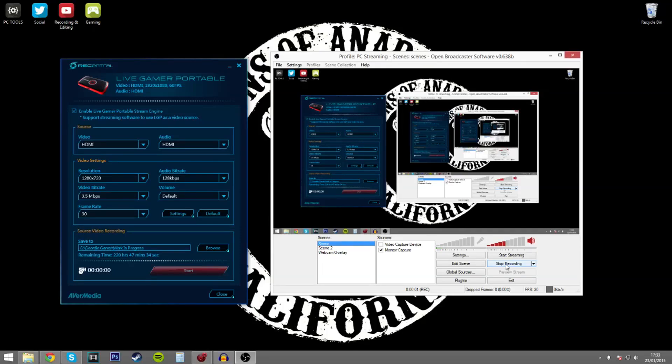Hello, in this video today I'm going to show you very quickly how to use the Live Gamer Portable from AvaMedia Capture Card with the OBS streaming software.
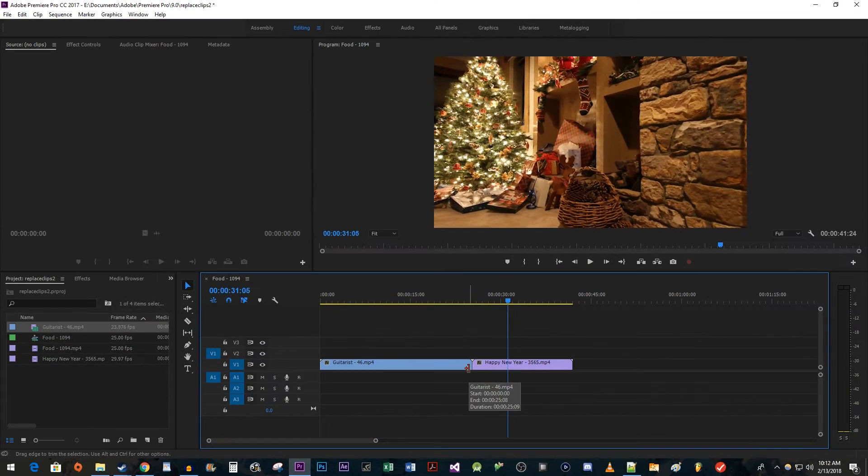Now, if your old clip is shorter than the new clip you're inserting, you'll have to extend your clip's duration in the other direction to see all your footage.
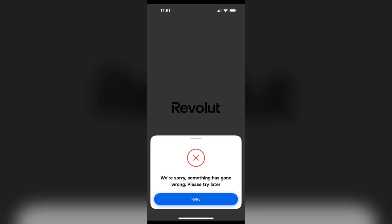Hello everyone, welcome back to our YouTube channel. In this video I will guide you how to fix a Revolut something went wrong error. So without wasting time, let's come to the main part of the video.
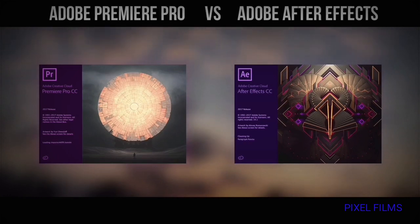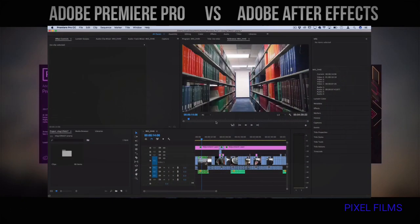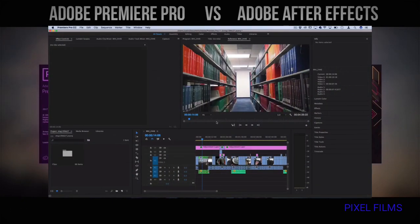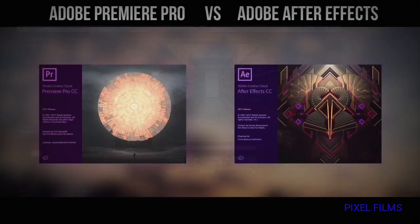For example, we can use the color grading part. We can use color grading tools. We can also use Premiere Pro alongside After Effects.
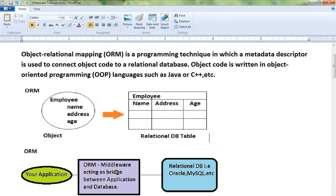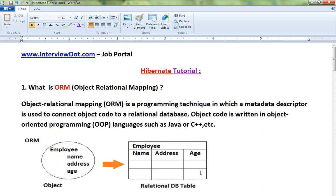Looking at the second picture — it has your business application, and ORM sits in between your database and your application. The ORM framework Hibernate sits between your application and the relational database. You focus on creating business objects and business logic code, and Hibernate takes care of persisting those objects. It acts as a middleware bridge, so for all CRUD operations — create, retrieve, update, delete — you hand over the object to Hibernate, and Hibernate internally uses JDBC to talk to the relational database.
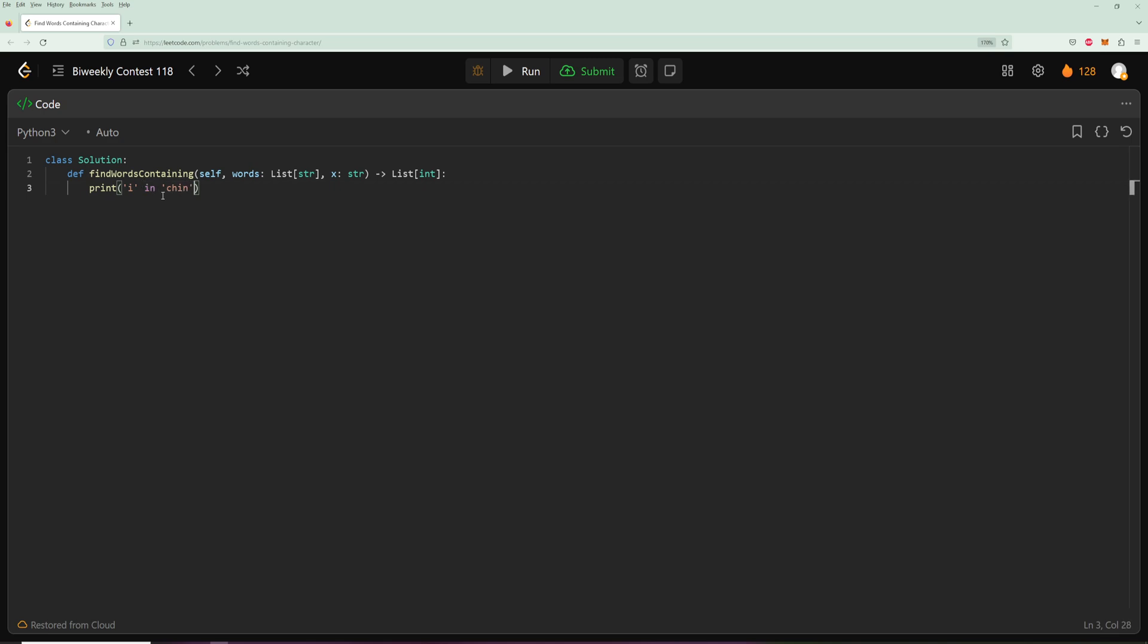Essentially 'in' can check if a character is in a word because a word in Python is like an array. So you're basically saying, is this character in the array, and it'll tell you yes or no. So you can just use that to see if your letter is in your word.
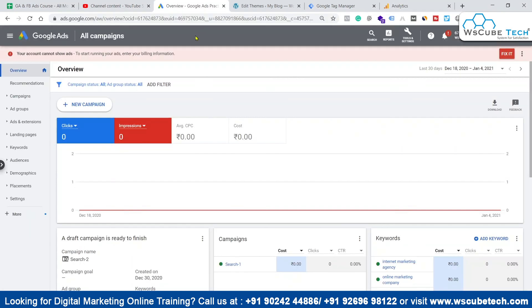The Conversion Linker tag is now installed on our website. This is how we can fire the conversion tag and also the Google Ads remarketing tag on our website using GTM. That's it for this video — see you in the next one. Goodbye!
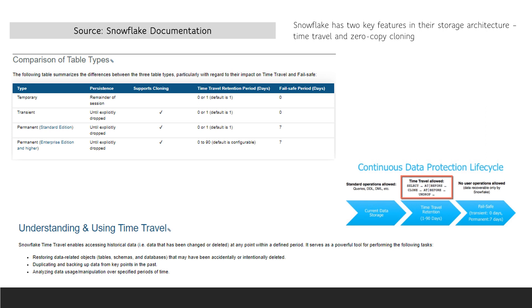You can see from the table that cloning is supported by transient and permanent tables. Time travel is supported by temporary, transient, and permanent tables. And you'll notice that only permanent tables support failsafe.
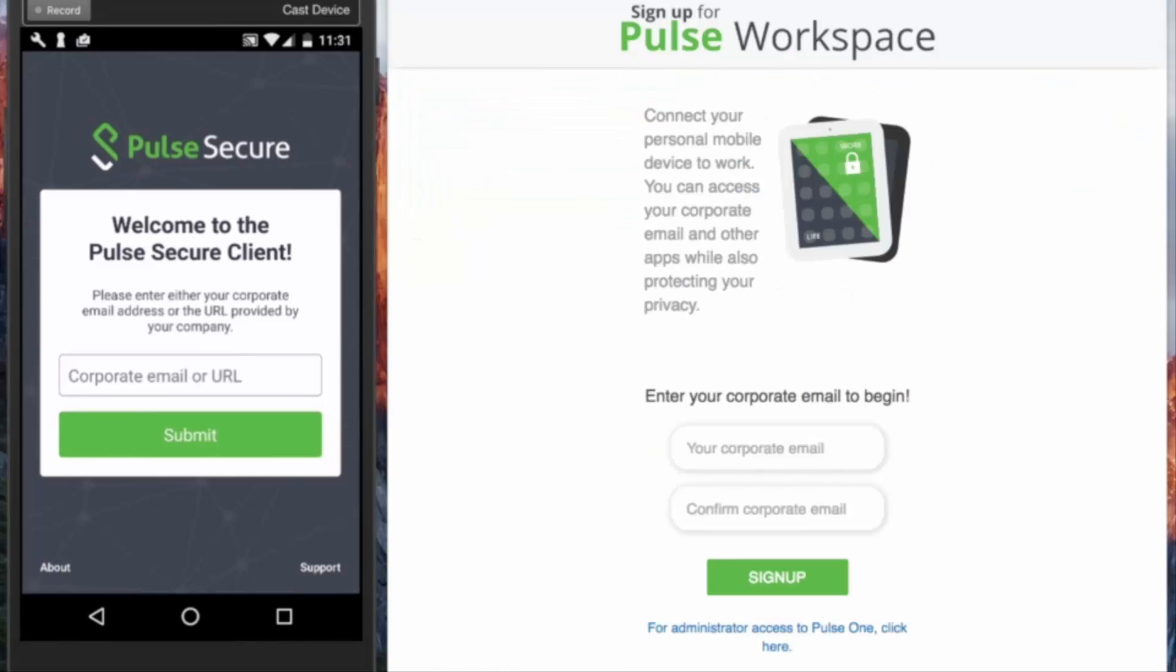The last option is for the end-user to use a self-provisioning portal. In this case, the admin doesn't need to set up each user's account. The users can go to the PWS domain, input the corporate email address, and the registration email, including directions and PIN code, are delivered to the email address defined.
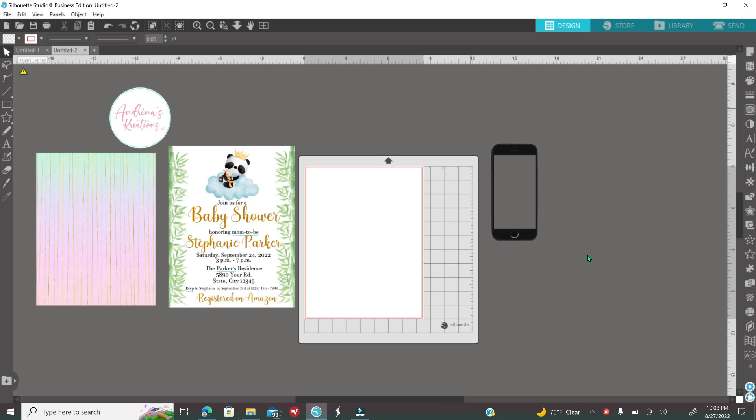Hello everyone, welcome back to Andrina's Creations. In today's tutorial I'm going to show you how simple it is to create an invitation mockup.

...

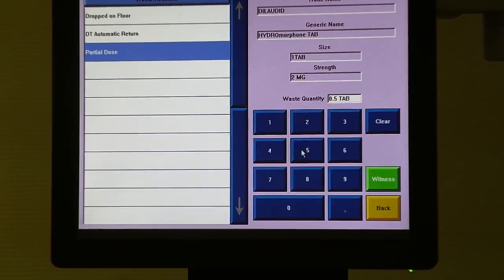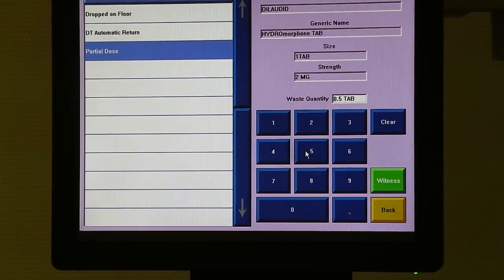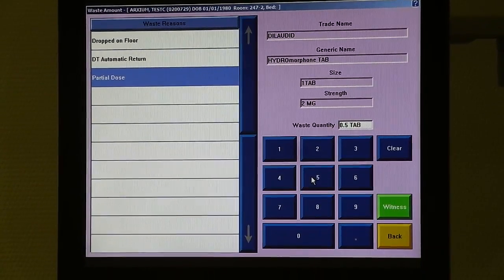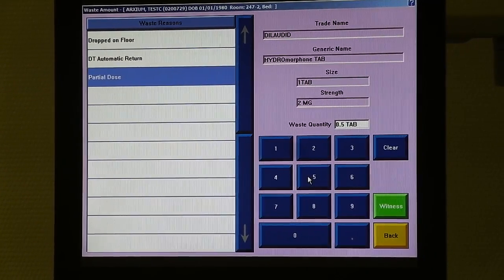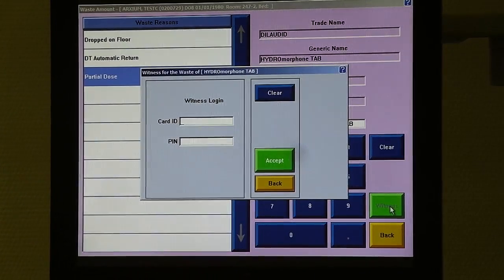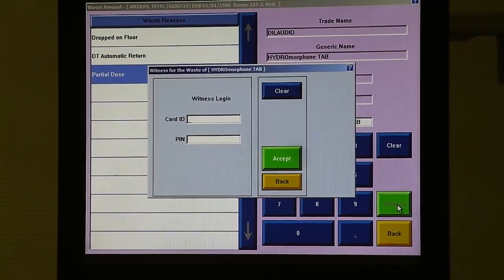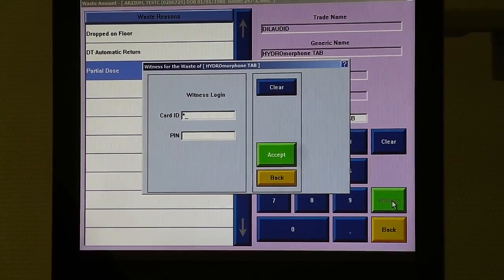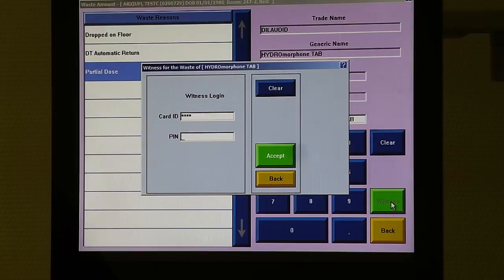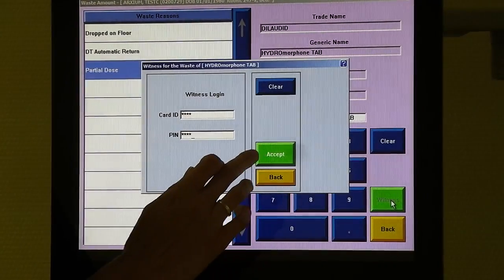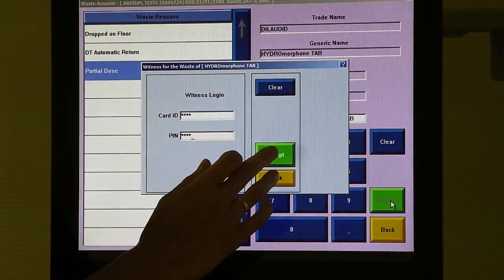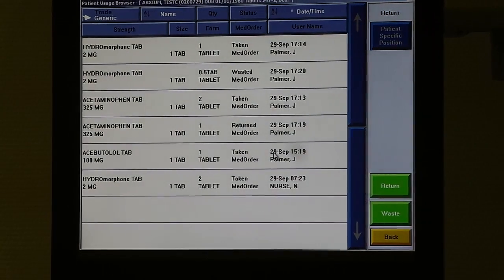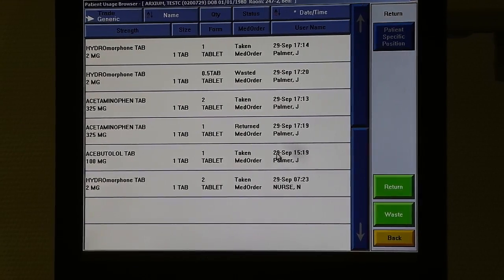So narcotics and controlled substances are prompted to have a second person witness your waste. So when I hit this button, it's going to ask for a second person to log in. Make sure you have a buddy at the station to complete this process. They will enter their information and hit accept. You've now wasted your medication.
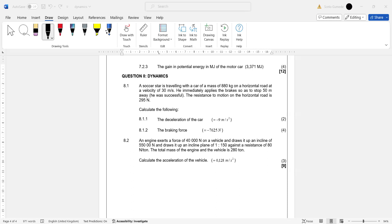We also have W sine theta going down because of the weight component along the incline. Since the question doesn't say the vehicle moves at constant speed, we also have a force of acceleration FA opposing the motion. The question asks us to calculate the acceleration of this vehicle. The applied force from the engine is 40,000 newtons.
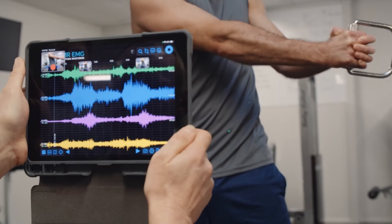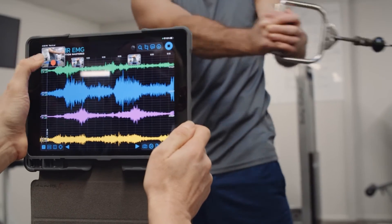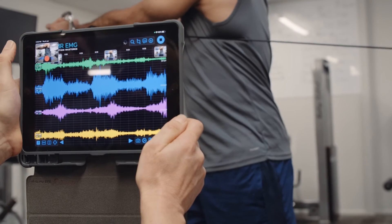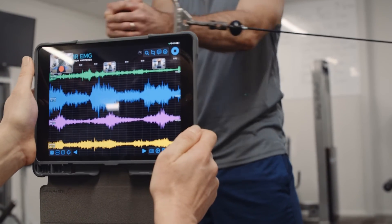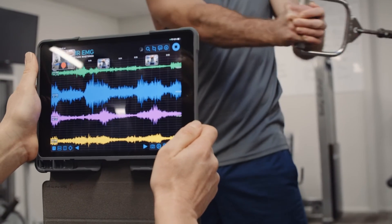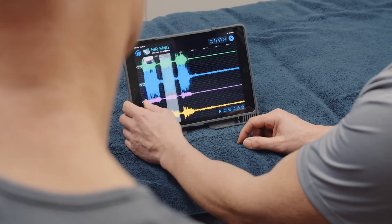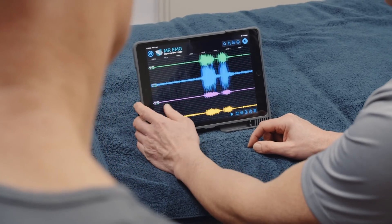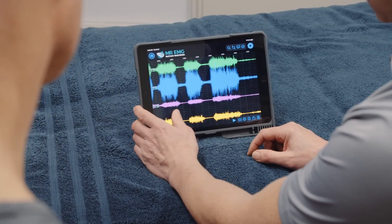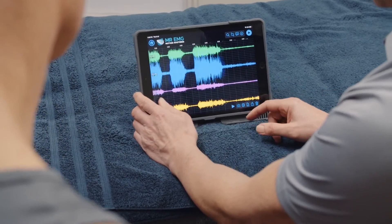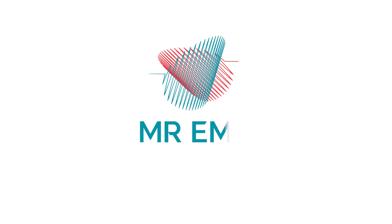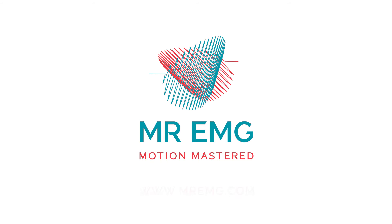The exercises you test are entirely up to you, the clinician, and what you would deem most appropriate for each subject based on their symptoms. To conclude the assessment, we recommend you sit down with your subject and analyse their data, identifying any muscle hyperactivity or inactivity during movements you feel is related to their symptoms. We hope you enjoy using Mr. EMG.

DIRECTIONS FOR THIS TASK — Taking the entries above, extract every line from the one bearing "Essentially 'in' can" through the one bearing "You can see", exactly, with no pictures.

EXERCISE SOLUTION —
Essentially 'in' can check if a character is in a word because a word in Python is like an array. So you're basically saying, is this character in the array, and it'll tell you yes or no. So you can just use that to see if your letter is in your word.
The Conversion Linker tag is now installed on our website. This is how we can fire the conversion tag and also the Google Ads remarketing tag on our website using GTM. That's it for this video — see you in the next one. Goodbye!
You can see from the table that cloning is supported by transient and permanent tables. Time travel is supported by temporary, transient, and permanent tables. And you'll notice that only permanent tables support failsafe.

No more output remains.